Biometric data can be exploited for many different applications. Some of the most popular ones include the following:

(i) Authentication/identification of human individuals. For this purpose, traditionally it was possible to achieve higher recognition accuracy with physiological biometrics. Consequently, authentication systems deployed today (in passports, for instance, or smartphones) are mainly based on physiological biometrics such as fingerprint or face.

(ii) Categorization of human individuals. Considering permanent or long-term characteristics, recent research has    explored the possibility of extracting personal attributes, such as gender, age, ethnicity, hair color, height, weight, and so on from all kinds of biometric traits. These personal attributes are called soft biometrics. Such information, while not necessarily unique to an individual, can be used in a variety of applications. For instance, it can be used in conjunction with physiological biometric traits to improve recognition performance (e.g., fusing face with gender information), or to generate qualitative descriptions of an individual (e.g., young Asian female with dark eyes and brown hair).

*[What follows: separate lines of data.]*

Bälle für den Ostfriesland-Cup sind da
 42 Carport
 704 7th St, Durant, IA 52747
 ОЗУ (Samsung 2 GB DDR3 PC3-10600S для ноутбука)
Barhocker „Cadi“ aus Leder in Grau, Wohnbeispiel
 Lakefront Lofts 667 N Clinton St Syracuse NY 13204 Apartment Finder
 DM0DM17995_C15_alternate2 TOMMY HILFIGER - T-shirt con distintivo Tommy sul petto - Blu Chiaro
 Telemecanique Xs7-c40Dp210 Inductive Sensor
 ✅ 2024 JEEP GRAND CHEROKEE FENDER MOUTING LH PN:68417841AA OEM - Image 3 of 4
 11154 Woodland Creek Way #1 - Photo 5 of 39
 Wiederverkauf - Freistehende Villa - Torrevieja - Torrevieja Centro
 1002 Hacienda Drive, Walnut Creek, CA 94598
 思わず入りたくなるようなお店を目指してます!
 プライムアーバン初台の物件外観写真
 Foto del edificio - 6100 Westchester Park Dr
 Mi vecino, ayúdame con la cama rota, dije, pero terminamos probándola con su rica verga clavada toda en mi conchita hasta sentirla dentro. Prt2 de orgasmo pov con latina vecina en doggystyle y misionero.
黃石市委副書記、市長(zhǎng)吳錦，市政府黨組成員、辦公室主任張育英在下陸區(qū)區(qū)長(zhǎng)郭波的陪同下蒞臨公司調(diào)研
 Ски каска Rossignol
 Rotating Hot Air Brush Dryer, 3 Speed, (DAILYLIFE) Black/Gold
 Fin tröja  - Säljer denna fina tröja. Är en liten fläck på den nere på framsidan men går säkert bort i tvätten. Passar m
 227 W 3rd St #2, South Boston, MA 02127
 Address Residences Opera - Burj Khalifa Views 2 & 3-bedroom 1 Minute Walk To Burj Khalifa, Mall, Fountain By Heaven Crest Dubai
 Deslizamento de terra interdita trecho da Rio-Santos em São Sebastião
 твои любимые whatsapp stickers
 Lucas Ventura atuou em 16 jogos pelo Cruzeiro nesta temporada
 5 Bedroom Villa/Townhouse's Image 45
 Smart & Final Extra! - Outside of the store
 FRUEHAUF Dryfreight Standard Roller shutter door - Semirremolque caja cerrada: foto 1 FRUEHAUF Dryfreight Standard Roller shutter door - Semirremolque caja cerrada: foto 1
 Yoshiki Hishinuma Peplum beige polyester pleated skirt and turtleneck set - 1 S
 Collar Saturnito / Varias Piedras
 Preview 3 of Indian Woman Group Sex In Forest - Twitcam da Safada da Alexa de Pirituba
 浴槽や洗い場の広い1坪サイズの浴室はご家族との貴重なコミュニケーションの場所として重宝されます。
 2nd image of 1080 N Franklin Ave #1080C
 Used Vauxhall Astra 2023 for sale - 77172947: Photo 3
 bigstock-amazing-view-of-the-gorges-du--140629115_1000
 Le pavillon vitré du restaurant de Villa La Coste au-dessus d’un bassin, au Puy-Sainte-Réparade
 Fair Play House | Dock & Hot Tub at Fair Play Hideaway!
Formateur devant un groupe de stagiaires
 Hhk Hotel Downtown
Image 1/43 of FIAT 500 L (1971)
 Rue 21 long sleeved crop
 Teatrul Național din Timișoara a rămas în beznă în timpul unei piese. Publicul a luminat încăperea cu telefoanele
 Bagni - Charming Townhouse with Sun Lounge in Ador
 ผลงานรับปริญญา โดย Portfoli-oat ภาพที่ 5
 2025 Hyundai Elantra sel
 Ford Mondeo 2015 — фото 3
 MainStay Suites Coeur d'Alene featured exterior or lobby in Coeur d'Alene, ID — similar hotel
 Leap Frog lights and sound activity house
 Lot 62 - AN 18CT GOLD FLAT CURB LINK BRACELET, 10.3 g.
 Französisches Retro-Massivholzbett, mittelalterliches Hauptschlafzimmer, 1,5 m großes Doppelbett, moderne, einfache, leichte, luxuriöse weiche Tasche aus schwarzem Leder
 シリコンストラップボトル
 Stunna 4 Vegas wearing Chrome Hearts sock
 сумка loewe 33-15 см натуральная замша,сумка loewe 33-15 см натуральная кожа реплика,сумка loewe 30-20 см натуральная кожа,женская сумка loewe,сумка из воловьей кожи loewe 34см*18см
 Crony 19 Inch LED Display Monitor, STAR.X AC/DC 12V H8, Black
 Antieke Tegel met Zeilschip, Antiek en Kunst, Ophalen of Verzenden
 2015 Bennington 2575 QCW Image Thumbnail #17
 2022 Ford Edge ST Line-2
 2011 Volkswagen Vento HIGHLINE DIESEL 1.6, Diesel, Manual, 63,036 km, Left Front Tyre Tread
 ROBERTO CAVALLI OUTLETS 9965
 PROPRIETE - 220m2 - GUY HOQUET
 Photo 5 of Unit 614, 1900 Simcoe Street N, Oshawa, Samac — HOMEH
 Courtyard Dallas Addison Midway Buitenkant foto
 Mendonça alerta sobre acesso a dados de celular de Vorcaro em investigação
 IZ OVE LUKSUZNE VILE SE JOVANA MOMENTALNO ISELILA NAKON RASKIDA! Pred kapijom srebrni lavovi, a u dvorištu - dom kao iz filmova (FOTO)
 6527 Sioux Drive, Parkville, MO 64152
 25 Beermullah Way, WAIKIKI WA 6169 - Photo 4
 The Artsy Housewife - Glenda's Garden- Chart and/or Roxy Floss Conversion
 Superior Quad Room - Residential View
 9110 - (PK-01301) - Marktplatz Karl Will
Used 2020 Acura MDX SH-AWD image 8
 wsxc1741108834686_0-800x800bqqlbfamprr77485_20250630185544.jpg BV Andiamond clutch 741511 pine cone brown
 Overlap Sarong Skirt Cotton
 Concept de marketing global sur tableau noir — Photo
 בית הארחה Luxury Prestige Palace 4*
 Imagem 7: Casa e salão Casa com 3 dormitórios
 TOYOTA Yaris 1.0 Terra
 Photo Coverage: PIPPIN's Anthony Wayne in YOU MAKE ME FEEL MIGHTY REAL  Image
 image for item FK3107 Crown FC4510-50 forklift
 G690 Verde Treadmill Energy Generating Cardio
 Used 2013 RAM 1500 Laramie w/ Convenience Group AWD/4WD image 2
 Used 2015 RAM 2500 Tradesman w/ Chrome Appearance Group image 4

(iii) Detection of temporary or permanent conditions of a human individual. Examples include sentiments such as fear, fatigue, or illness. The main ethical issues raised by the biometric detection of human conditions follow from its potentially intrusive nature, often analyzing very intimate traits, some of them beyond the individual’s consciousness.

 

Our project, PriMa, is focused on the analysis and mitigation of privacy risks in our rapidly digitalizing society. The possibility that acceptable privacy may become unattainable is concrete, unless technological and societal steps are taken to allow citizens to regain control of their personal information.

5 factors contributing to this scenario are described below.

 

1 - The magic of machine learning

“Any sufficiently advanced technology is indistinguishable from magic”, Arthur C. Clarke.

Nowadays, you do not need a job in the tech industry or academia to have heard the term “machine learning” (ML) in the last years. It is a sub-field of Artificial Intelligence that includes a variety of computer algorithms. American computer scientist Tom M. Mitchell provided for it a widely quoted definition: "A computer program is said to learn from experience E with respect to some class of tasks T and performance measure P if its performance at tasks in T, as measured by P, improves with experience E." In other words, by recognizing patterns lying within the data, computer programs learn information they were not explicitly provided with, becoming able to carry out specific tasks related to such data with better results.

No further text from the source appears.